Con CityLife è tornato sulla prima linea dei mattoni Salvatore Ligresti: era un
re dei mattoni negli anni gloriosi di Craxi, prima di diventarlo anche tra le
assicurazioni. Ma il ritorno dell’ingegnere di Paternò rivela il meccanismo,
cioè la mano pesante dei "poteri forti".
Nella deregulation milanese all’insegna del mercato, una regola almeno non può
mancare e la sta dettando il vecchio democristiano manuale Cencelli, che diventa
il "vero" piano regolatore. La città si ridisegna per
"cordate": se la Fiera va a Ligresti, la Fiat entra all’Om, Zunino
si prende Montecity (con il nuovo quartiere Santa Giulia), la Bicocca va a
Pirelli, il gruppo Hines (con una straordinaria mobilitazione di banche, da
Intesa a Unicredit, Mediobanca, Banca Popolare di Milano, Montepaschi,
Antonveneta...) si insedia nell’affare più clamoroso quello che riguarda le
aree Garibaldi-Repubblica-Isola-Varesine, cioè un agglomerato, una sorta di
spina nel cuore di Milano, di grande accessibilità (metropolitana più treni e
passante ferroviario).
Più tutto il resto, cioè una miriade di interventi di minor peso, che
avrebbero consentito in una coraggiosa pianificazione urbana di non buttar
risorse, che non sono infinite per quanto generose, le aree dismesse, le aree
libere di industrie, che si contano (o si contavano, ormai) nella iperbolica
misura di sei milioni di metri quadri. Interventi che si chiamano Manifattura
Tabacchi (accanto alla Bicocca, ancora Ligresti), Cartiera Binda (Alzaia
Naviglio Pavese), Marelli-Adriano (verso Sesto San Giovanni, cioè a nord), la
ex Motta o la ex Osram. Una nomenklatura in perdita dell’industria milanese,
fino agli anni settanta, che serve ora a ridisegnare in forma terziaria e
residenziale (di lusso) la città, con poche eccezioni di peso sociale e
culturale, ovviamente in ritardo, come la Biblioteca europea di Porta Vittoria.

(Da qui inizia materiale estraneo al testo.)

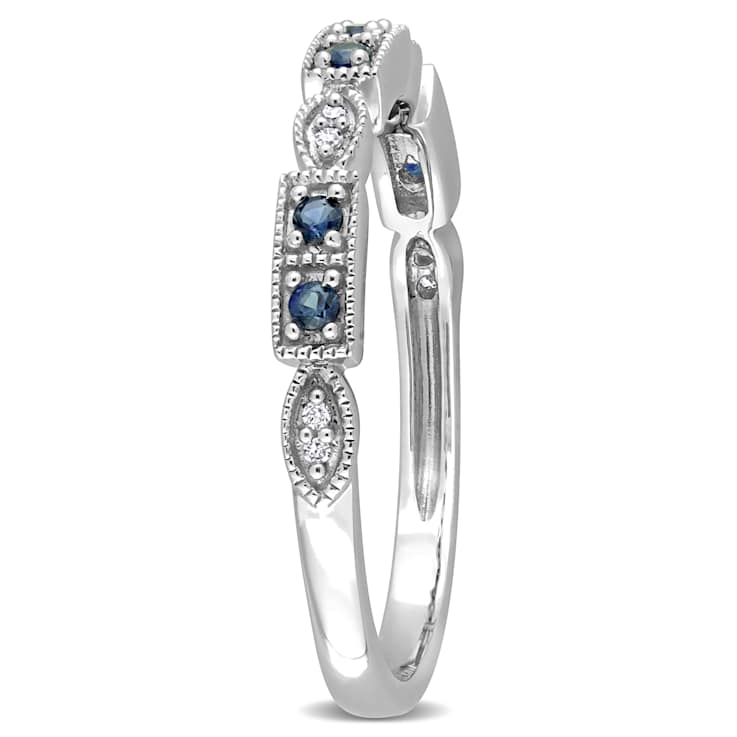 Blue Sapphire and Diamond 10K White Gold Semi Eternity Ring 0.14ctw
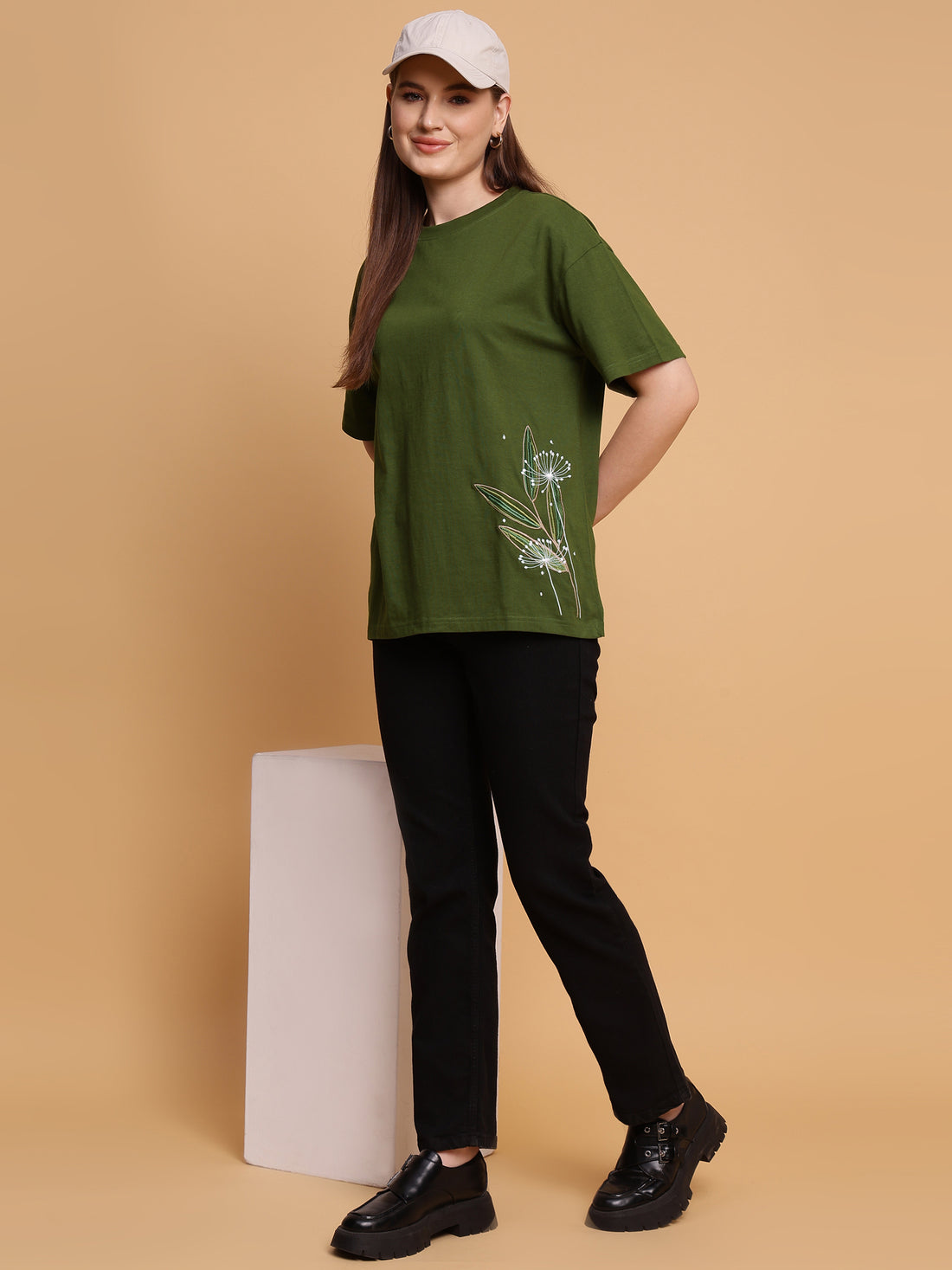 Olive-Colored Oversized Top With A Stunning Floral embroidery - 2851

Più le piccole speculazioni, che si chiamano parcheggi sotterranei o che si
chiamano sottotetti recuperati e rialzati, fino davvero a cambiare il paesaggio
urbano, guardando dall’alto verso il basso: quasi seimila interventi contati
tra il 1999 e l’anno scorso.
Nel corso di un decennio soffitte e solai, depositi di roba vecchia, sono
diventati 800 mila metri con una destinazione d’uso, quella residenziale,
assai pregiata in una città come Milano, in vetta nella classifica dei costi
per le abitazioni: si calcola che siano state mobilitate risorse per un
miliardo, che il valore immobiliare di quei sottotetti sia salito a due miliardi
e mezzo o tre, che il Comune infine abbia raccolto in oneri di urbanizzazione
140 milioni di euro.
Non sono briciole anche di fronte a quanto di clamoroso è già accaduto (alla
Bicocca, alla Bovisa, all’ex Portello) e sta accadendo altrove e soprattutto
nell’area che fu Montecity a Rogoredo e nella zona frammentata tra le ex
Varesine, la stazione Garibaldi e l’Isola. Aree infrastrutturate, semicentrali
o centrali, strategiche rispetto alla città e rispetto a una idea di qualità
urbana dettata dalla qualità della vita di chi dovrebbe abitarla.
(1-continua)
28 ottobre 2007
A Rogoredo, periferia industriale di Milano, a sud est, sorgerà Santa Giulia,
mega quartiere di lusso progettato da una star dell'architettura contemporanea,
Norman Foster, l'impresa più cospicua immaginata, tentata e avviata nel
capoluogo lombardo da Risanamento Spa. Cioè da Luigi Zunino,una delle ultime
stelle del firmamento nazionale del mattone e del cemento,piemontese, con alle
spalle una tradizionalissima famiglia di vignaiuoli, un cinquantenne dal fisico
asciutto che esprime severità, a capo di una impresa che capitalizza 1,7
miliardi di euro con un patrimonio immobiliare, in tutta Europa, che ne vale 2 e
mezzo miliardi. Assai schivo,ha sempre tentato di schivare, talvolta
incrociandoli, gli immobiliaristi della sua generazione e ha sempre coltivato
rapporti con le banche.
Si dice ad esempio della sua amicizia Con l'ex presidente di Mediobanca,Gabriele
Galateri di Genola. Dentro Mediobanca ha messo assieme un pacchetto che sfiora
il quattro per cento. Nel mondo del credito, gli appoggi li trova soprattutto in
Banca Intesa, che è il primo finanziatore di Santa Giulia: 726 milioni di euro
per costruire le abitazioni di lusso del nuovo quartiere. Santa Giulia è
appunto molta residenza di lusso, pochissima residenza convenzionata in
affitto,molto terziario e due perle: un centro congressi e un grande parco,
purtroppo diviso a metà dalla statale Paullese, una superstrada.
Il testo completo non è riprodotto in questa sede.